In theory, I’m ok with this.  Sometimes NVA activity can’t be avoided and this is not a bad decision.  What is a bad decision (and one that I’ve seen done) is to optimize NVA activity rather than minimize it.  Bug fixing comes to mind.  You have to accept this truth first – bug fixing is NON VALUE ADD.  Yes, you have to fix bugs in code, but can we all agree that it’d be better if you just didn’t write bugs in the first place?  There’s lots of research on the cost of poor quality.  Numbers quoted usually indicate a cost of 100-1000 times what it would have cost to find it and fix it earlier.  That is, if I’d found and fixed the defect in the design phase it might have cost me $100.  If I don’t catch it and it gets to prod, it could be $10,000 – $100,000 to fix it.  Yes, you’re reading that right – one hundred thousand dollars.

But I’ve observed the following and if you’re not at least slightly disturbed how we got to where we are by the end, you’re not really grasping the issue.  Let’s say Bob (he’s fictional and does not represent anyone I actually know by the name of Bob, so don’t go blaming him) gets tasked with reducing maintenance labor costs at your company.  Maintenance labor includes a bunch of things – like upgrading hardware and applying security patches to the operating system and most significantly bug fixing.  Sure, projects create bugs but eventually those projects and their teams go away, so the projects (and their respective budgets) are no longer around to absorb the cost of fixing bugs.  The maintenance budget pays to keep the lights on, and that includes fixing bugs that no longer have a project to call home.
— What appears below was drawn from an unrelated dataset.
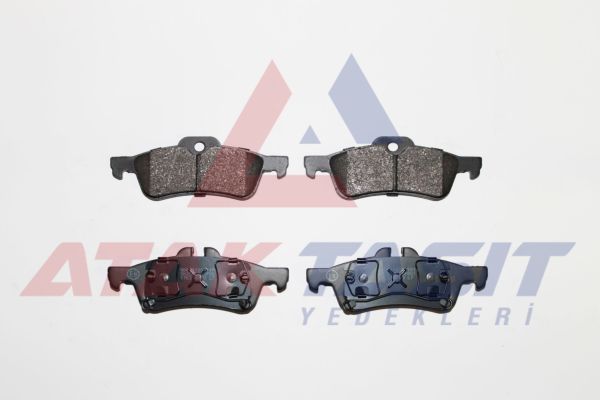 AP 05P861 | Fren Balata Arka Mini Mını (R50,R53) Cooper 1.6 2001-2006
The first step is easy – Bob already figured out that bug fixing is the vast majority of the maintenance budget.  It makes sense to address bug fixes because that’s the best opportunity to save the company money.  As in all good Six Sigma, Bob starts in the Define phase which includes a lovely project charter.  Part of his charter is to define the goal and potential opportunity.  Let’s say for whatever reason, the business decides they need at least a $100,000 savings from Bob.  The bug fixing is costing the company $1,000,000 a year, so that’s 10%.  10% seems easy, right?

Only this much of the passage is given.